- By Yochi Dreazen
Yochi Dreazen is a Managing Editor for News at Foreign Policy. He is also writer-in-residence at the Center for a New American Security. His book about military suicide was published by Random House's Crown division in 2014.
Prior to joining Foreign Policy, Dreazen was a contributing editor at the Atlantic and the senior national security correspondent for National Journal. He began his career at the Wall Street Journal and spent 11 years at the newspaper, most recently as its military correspondent. He was born in Chicago, and later attended the University of Pennsylvania. At Penn, he edited the award-winning daily campus newspaper and graduated Magna Cum Laude in 1999 with degrees in History and English. He was hired by the Wall Street Journal immediately after graduation. Dreazen arrived in Iraq in April 2003 with the Fourth Infantry Division, and spent the next two years living in Baghdad as the Wall Street Journal's main Iraq correspondent.
Dreazen has made more than 12 lengthy trips to Iraq and Afghanistan and has spent a total of nearly four years on the ground in the two countries, mostly doing front-line combat embeds. He has reported from more than 20 countries, including Pakistan, Russia, China, Israel, Japan, Turkey, Morocco, and Saudi Arabia.
In 2010, Dreazen received the Military Reporters & Editors association’s top award for domestic military reporting in a large publication for a series of articles about military suicide and the psychological traumas impacting veterans of the two long wars. His writing has appeared in the Washington Post, Smithsonian, Tablet and the New Republic and he appears regularly on TV and radio programs such as NPR's Diane Rehm Show and PBS' Washington Week with Gwen Ifill. Dreazen gives frequent lectures about journalism, the wars and current events to both civilian and military audiences.

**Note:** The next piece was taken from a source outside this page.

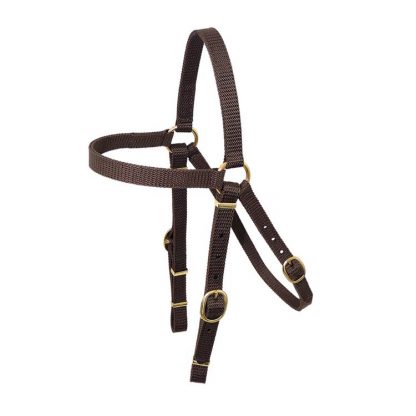 Nyla-Web Barcoo Bridle - Various Sizes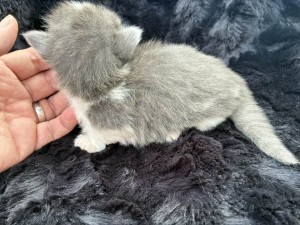 667221588_26524107717201565_4701294595013550338_n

Dreazen lives in Washington with his wife, Annie Rosenzweig Dreazen, and their beloved Golden Retriever, Charlie.
Bashar al-Assad has signed onto a decades-old international treaty banning chemical weapons. Now comes the hard part: making sure he doesn’t exploit its loopholes to find ways of holding onto the weapons anyway.
On its face, the decades-old Chemical Weapons Convention seems fairly straightforward. Signatories agree to halt the production of new chemical weapons, allow international inspectors to visit all of its storage sites, and then begin to gradually destroy them. The Organisation for the Prohibition of Chemical Weapons, which is responsible for implementing the treaty, estimates that 57,740 metric tons of chemical agents, or 81.1 percent of the world’s declared chemical weapons stockpiles, have been destroyed since the agreement went into effect in 1997.
The problem is that the treaty wasn’t designed to deal with situations like the current crisis in Syria. To succeed, it will require the full and ongoing cooperation of the Assad government, which is obviously far from guaranteed. If Assad changes his mind or is caught cheating, the treaty’s sole enforcement mechanism is a referral back to the U.N. Security Council, where the chances of getting an agreement authorizing punitive measures against Damascus for its poor behavior are virtually non-existent. For all intents and purposes, the treaty is toothless.
"The Chemical Weapons Convention was created to deal with a very different type of set of circumstances," said Daryl Kimball, the executive director of the Arms Control Association. "It was designed to deal with a country that was willing to renounce its chemical weapons voluntarily and not under coercion, a country where there was no real chance of them being used again, and a country that was stable enough that they could be destroyed safely. None of those conditions exist in Syria."
Kimball is a fan of the treaty who believes it has proven effective over the years and is a far better option than trying to use force to degrade Assad’s chemical weapons facilities. Still, he said, Syria will be an "unprecedented test" of the treaty.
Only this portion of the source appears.